New Logins Fail Gracefully
- New login attempts that require the WorkOS hosted OAuth flow will fail, since the AuthKit redirect depends on WorkOS availability.
- The application must present a user-friendly error page explaining that login is temporarily unavailable. Avoid exposing raw error responses.
- A clear "Try again" action should be provided so users can retry without navigating away.
Retry with Exponential Backoff
- All API calls to WorkOS (token exchange, user info, organization lookups) must implement retry logic with exponential backoff.

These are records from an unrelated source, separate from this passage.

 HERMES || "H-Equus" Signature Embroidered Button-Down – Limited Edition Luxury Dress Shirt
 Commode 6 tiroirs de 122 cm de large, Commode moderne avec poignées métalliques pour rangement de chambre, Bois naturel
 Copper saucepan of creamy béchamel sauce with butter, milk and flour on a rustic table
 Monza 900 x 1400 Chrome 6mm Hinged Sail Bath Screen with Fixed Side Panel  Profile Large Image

- Recommended retry schedule: initial delay 1s, backoff factor 2x, maximum 5 retries, maximum delay 30s. Add jitter (randomized +/- 20%) to avoid thundering herd.
- After exhausting retries, fail open for read operations (serve cached data) and fail closed for write operations (deny the action and notify the user).

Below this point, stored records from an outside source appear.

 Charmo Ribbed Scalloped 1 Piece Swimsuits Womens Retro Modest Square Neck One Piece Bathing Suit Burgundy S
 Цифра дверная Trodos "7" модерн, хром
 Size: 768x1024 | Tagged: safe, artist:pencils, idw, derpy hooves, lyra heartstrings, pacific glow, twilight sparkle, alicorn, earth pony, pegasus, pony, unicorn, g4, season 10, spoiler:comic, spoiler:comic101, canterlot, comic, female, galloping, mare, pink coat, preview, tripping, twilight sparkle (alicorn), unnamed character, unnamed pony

- Circuit breaker pattern: after a configurable number of consecutive failures (e.g., 10), stop calling WorkOS for a cooldown period (e.g., 60s) before probing again. This protects against cascading failures.
Monitoring and Alerting
- Health checks against WorkOS API endpoints should run on a periodic schedule. Alert the on-call team if WorkOS is unreachable for more than 5 minutes.
- Log all WorkOS API failures with correlation IDs for post-incident analysis.
Alternatives Considered
Auth0
Mature and feature-rich but expensive at scale (pricing per MAU increases steeply). Enterprise SSO is an add-on with significant cost. More complex setup than WorkOS for B2B use cases.
Clerk
Excellent DX and React integration, beautiful pre-built UI components. But: less enterprise SSO focus, no SCIM/directory sync, higher cost for enterprise features. Better suited for B2C.
Custom JWT implementation
Maximum control and no vendor dependency. But: requires building login flows, session management, token refresh, JWKS endpoints, MFA, SSO integrations — enormous effort and security risk. Not justified for this team size.
Supabase Auth
Good integration with Supabase ecosystem but doesn't fit our Cloudflare-first architecture. Limited enterprise SSO support. Better for Supabase-native projects.